# First wash



## Big Kid (Jul 25, 2008)

After a week, three days of which it sat in my local friendly independent, I've had my first chance to give the new fella a wash and clean. Good excuse for some pictures too! Standard at the mo with a few marks to tidy up over time but here you go...


----------



## Wallsendmag (Feb 12, 2004)

I was in Wakefield yesterday ,good job you didn't clean it then it was pi%%ing down :lol:


----------



## Harv3y (Jun 2, 2008)

Like the alloys :wink:


----------



## SVStu (Dec 11, 2006)

Big Kid,

Ohhh nice sheen on that paintwork!!

Was it at IVC in Leeds by any chance?? Have you seen their TT's paintwork?

I'm in (not so) sunny Rothwell, Mike753TT wants to set up a North York meet, if youre interested?

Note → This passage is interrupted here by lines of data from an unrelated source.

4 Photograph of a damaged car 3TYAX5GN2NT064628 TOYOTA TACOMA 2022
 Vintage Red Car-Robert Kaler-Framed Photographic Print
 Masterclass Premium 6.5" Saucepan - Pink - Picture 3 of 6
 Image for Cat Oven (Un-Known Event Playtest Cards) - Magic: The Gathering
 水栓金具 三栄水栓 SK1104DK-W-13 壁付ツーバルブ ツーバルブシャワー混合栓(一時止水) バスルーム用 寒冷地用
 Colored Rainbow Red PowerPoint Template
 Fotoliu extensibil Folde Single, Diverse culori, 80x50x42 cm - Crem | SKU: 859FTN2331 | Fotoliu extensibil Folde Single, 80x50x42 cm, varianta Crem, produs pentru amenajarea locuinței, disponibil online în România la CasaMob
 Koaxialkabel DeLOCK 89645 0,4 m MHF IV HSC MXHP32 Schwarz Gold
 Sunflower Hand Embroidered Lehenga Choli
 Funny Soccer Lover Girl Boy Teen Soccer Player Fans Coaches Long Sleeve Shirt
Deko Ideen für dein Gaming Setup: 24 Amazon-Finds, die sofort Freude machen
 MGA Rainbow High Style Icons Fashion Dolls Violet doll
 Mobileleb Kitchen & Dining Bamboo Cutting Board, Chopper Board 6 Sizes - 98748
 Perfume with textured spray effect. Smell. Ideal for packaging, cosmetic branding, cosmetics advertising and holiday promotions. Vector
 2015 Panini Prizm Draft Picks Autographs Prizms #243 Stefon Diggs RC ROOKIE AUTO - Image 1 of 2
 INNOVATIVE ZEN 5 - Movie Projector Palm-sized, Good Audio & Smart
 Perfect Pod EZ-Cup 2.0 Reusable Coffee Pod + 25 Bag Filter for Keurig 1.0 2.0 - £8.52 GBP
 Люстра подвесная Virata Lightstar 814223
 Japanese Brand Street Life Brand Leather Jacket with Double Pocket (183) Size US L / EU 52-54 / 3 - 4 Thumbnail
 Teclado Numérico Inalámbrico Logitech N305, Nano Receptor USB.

Your "Comps" are the best OEM wheels IMO.


----------



## Harv3y (Jun 2, 2008)

Looking Good 8)


----------



## Big Kid (Jul 25, 2008)

Cheers Gents,

Car wasn't at IVC in Leeds. Straight from a trade in to my mate over in Huddersfield. Paint photographs alot nicer than it looks! Has seen too many car washes and is a bit swirled but a bit of TLC should sort it out. Agree with you about the 'Comps' mind... Was always wanting to get some RS4's but really like the look of these. Shame they seem to have been so attractive to kerbs in the past. Am up for a North Yorks meet but bare in mind I work in retail so weekends can be a difficulty :roll:

Just fitted a V6 valance after a good few hundred miles over the last few days am definitely in need of a wash and wax.

Steve


----------